Речь идет о месте, возникшем прежде тела.
То потаенное, что вызывает в нас воспоминание о прежнем, древнем мире, есть самое драгоценное наше достояние.
И неизменно тайна, которую мы не поверим никому, может быть, даже самим себе, будет нашим спасением.
Кто владеет тайной, тот наделен душой.
Сцена обнаженности, всегда более или менее шокирующая, по ночному загадочная, в окружении мерцающих фонарей, в окружении теплящихся свечей, в окружении факельных огней, ищет себя в давнем прошлом, задолго до тел, которые порождает. Некоммуникативность, возникшая гораздо раньше коммуникативности, должна быть сохранена в нашем подлунном мире, как охраняют диких зверей в заповеднике. Ей решительно противопоказаны речь, искусства, общественный и семейный уклады, любовные признания.
Иными словами, это почти клиническая замкнутость на себя отдельной, индивидуальной души.
Сердце каждой женщины, каждого мужчины должно считаться неприкосновенным.
И ни при каких условиях не может быть открыто другим людям, возбуждать их желания, любопытство других животных или птиц, иначе его похитят и растерзают.
* * *
Kriptadia— так эрудиты называли в старину сборники сексуального фольклора. Они спускались в подвалы главного здания дворца; они прятали в «тайном музее» изображения-оберёги. Это — в Неаполе. Они поднимались на чердаки дворца Мазарини, запирали дверцы железного шкафа, творения Лабруста, делая вид, будто перед ними подземный мир Теней, скрывая их скандальное происхождение. Это — в Париже.
Они называли Адом этот железный шкаф, служивший хранилищем старинных книг, которые таили под роскошными переплетами их позор.

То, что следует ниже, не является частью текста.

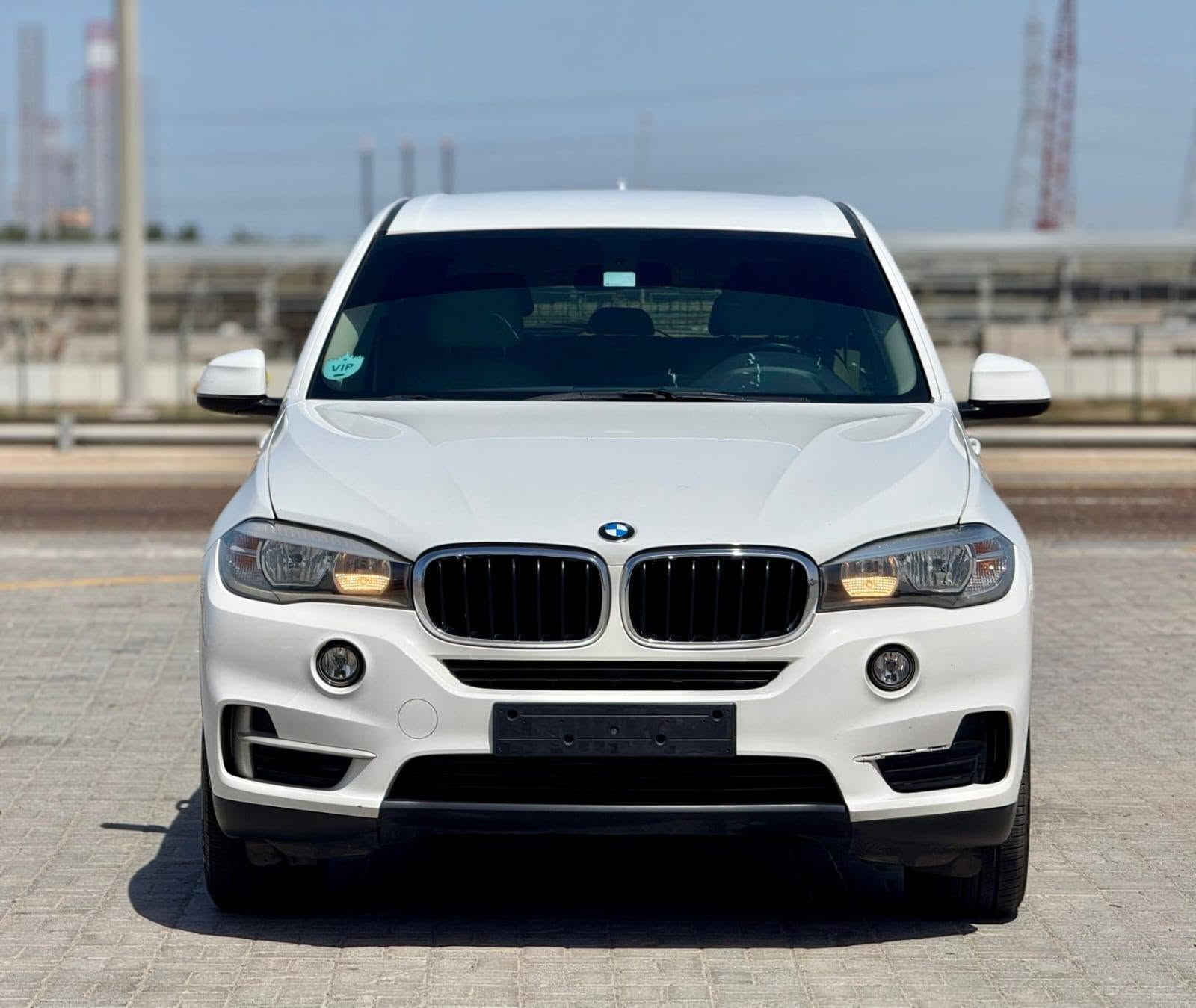 بي ام دبليو X5 XDrive35i 
موديل 2016
خليجي
6 سلندر توين تيربو 
تشغيل بصمة + مقاعد كهربا 
مقاعد جلد + مثبت سرعه 
كاميرا خلفية + نظام SPORT 
ممشى 138،000 كم 
بحالة ممتازة جدا 
بدون اي اعطال 
مسرفس جاهز للتسجيل 
لا يحتاج  أي مصاريف 
مطلوب 39,000 درهم 
قابل لتفاوض
رقم التواصل 0501578754 الشارقة, الإمارات العربية المتحدة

Книга открывает перед нами воображаемое пространство, само по себе первозданное, где каждое отдельное существо отсылается к истокам своего животного происхождения, к инстинкту неприручаемой дикости, заставляющего все живое воспроизводить самое себя.
Книги могут быть опасными, но самые главные опасности таит в себе чтение книг.
Чтение — это опыт, который кардинальным образом изменяет тех, кто посвятил себя процессу чтения. Следовало бы убрать все настоящие книги в дальний угол, ибо все настоящие книги неизменно подрывают основы общественной морали. Тот, кто читает, живет один в «параллельном мире», в «углу», более того, в своем собственном углу. Именно так читатель, этот одиночка в толпе, встречается в книге — физически, индивидуально — с пропастью предыдущего одиночества, в которой некогда обитал. Одним простым жестом — всего лишь переворачивая страницы своей книги, — он неустанно подтверждает свой разрыв с сексуальными, родственными и социальными связями, от которых ведет свое происхождение.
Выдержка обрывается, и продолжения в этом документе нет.